Humanities

Spanglish Spoken Here

Innovative program serves Spanish speakers who grew up with the language
Washateria

There’s no other way to say it: Spanglish is una lengua muy importante for getting by in the United States.

Believe it or not, the sentence construction above does not make Claudia Holguín Mendoza cringe. In fact, the assistant professor of Spanish welcomes the blending of the Spanish and English languages spoken by a growing number of Americans, not to mention Ducks.

Holguín Mendoza is tearing down stigmas and stereotypes associated with those who use Spanglish—chief among them, perhaps, that these speakers are somehow engaging in a lesser form of communication. She sees Spanglish as an important and rich linguistic practice in America, and she’s teaching a new course that redefines what it means to be bilingual.

In Spanglish (SPAN 248), students explore Spanish and its variations as integral to American culture. While teaching the course, Holguín Mendoza mixes English and Spanish, sometimes blending the two in sentences, sometimes in words (a favorite example of hers: “washateria,” for a laundromat).

It’s called code-switching—alternating between two or more languages in a single conversation. It can help one learn both languages, Holguín Mendoza says, and it’s done by most bilingual speakers the world over.

As America’s largest minority, the Hispanic population reached 55.4 million in 2014, or about 17 percent of the total population. That growth is reflected in Spanish classes at Oregon: two courses on Latino heritage have doubled in size since their inception in 2012.

Many of the students in these classes have a special history with Spanish: they’re “heritage learners,” with a personal or familial connection to Spanish. They’re typically US-born kids who hear Spanish at home and English everywhere else; although fluent in two languages, they’ve often been discouraged from using both.

“I was exposed to Spanish all my life, and I was always taught that there was a separation between Spanish and English,” said Yesica Meza, a major in Spanish and international studies. “But as I would talk with other students who were also exposed to Spanish and English, that wasn’t the case—we knew no separation.
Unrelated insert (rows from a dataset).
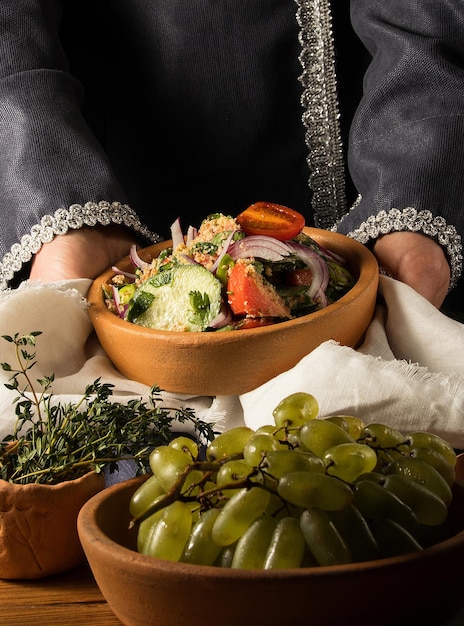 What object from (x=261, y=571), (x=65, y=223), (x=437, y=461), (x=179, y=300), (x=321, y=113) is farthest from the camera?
(x=321, y=113)

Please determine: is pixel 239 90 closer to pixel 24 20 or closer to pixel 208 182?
pixel 208 182

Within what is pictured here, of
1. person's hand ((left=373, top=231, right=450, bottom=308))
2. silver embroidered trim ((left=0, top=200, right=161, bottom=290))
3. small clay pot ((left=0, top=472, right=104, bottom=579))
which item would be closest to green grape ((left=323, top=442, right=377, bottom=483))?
small clay pot ((left=0, top=472, right=104, bottom=579))

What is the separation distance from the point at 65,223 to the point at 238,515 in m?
0.84

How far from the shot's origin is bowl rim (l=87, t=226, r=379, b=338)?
36.4 inches

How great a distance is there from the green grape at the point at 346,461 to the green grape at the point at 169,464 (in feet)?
0.31

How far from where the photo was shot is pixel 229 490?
513mm

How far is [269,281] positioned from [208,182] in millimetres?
645

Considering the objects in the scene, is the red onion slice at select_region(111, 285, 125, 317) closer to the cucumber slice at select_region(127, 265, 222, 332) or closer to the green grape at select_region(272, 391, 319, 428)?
the cucumber slice at select_region(127, 265, 222, 332)

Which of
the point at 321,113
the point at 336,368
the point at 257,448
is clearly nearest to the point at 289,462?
the point at 257,448

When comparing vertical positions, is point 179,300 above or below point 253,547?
below

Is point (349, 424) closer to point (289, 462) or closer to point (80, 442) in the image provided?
point (289, 462)

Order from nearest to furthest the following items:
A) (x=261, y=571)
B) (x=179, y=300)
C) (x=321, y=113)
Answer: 1. (x=261, y=571)
2. (x=179, y=300)
3. (x=321, y=113)

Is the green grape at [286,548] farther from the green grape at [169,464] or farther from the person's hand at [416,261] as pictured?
the person's hand at [416,261]

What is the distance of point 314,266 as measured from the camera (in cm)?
103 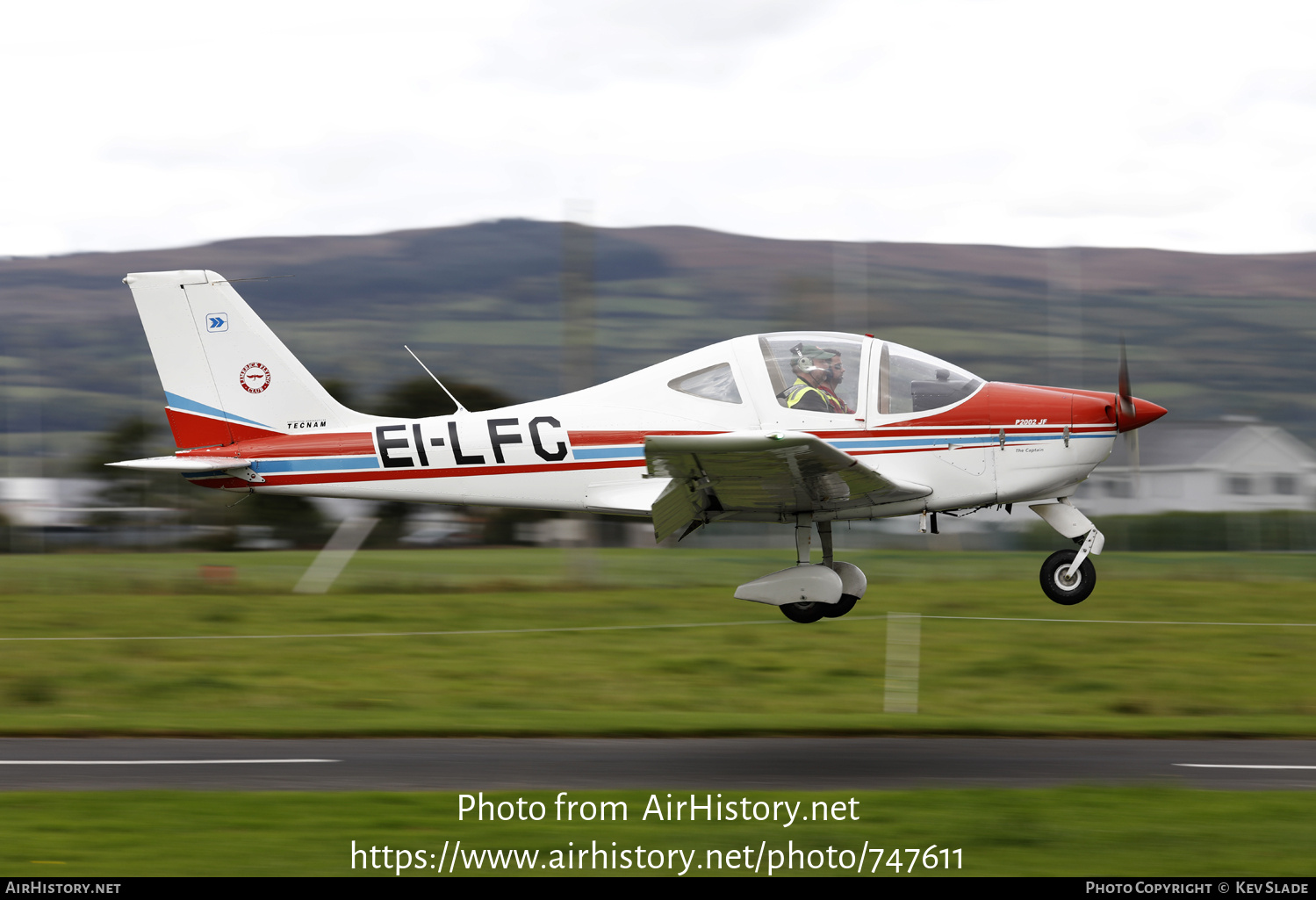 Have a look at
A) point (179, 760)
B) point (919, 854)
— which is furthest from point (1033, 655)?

There was always that matter of if it was right or wrong for us to do that.”

For students such as Meza, Holguín Mendoza and colleagues in 2011 launched the Spanish Heritage Language Program, which serves heritage learners and others with courses on heritage, Spanglish, bilingual communities, and the role of Spanish in the media, the US, and the world. The program just got a vote of confidence from the College of Arts and Sciences, which is supporting additional courses for students who want to improve their reading and speaking Spanish without taking upper-division language courses.

“Students are spreading the word and saying, ‘You know, these Spanish classes are different, they don’t penalize you if you don’t speak standard Spanish,’” Holguín Mendoza said. “The goal is to make them aware of the richness of their culture and the skills they already possess. They should not feel embarrassed for speaking Spanish, and if they code-switch and someone looks at them, ‘Well, that’s the way I do it, this is being American.’ If they just realize that, you are changing a life. You are changing a person.”

With the program, Holguín Mendoza also hopes to reach non-Latino minorities and whites who appreciate the challenges facing minorities.

Helene Barkhuizen, a major in psychology and family and human services, places herself in that second group. With roots in South Africa, she said, “I get what it’s like to have separate identities.”

As an employee of Dutch Bros. Coffee, Barkhuizen enjoys switching to Spanish when serving Spanish-speaking customers—but occasionally, she has to switch back. She’s starting to realize there’s nothing wrong with that.

“I can hold a conversation with them in Spanish, but I will find myself speaking English, too—‘Do you want a straw?’” Barkhuizen said. “(Holguín Mendoza) is showing us that it’s okay to combine languages, to combine cultures, because that’s the reality of the United States and our world, in general.”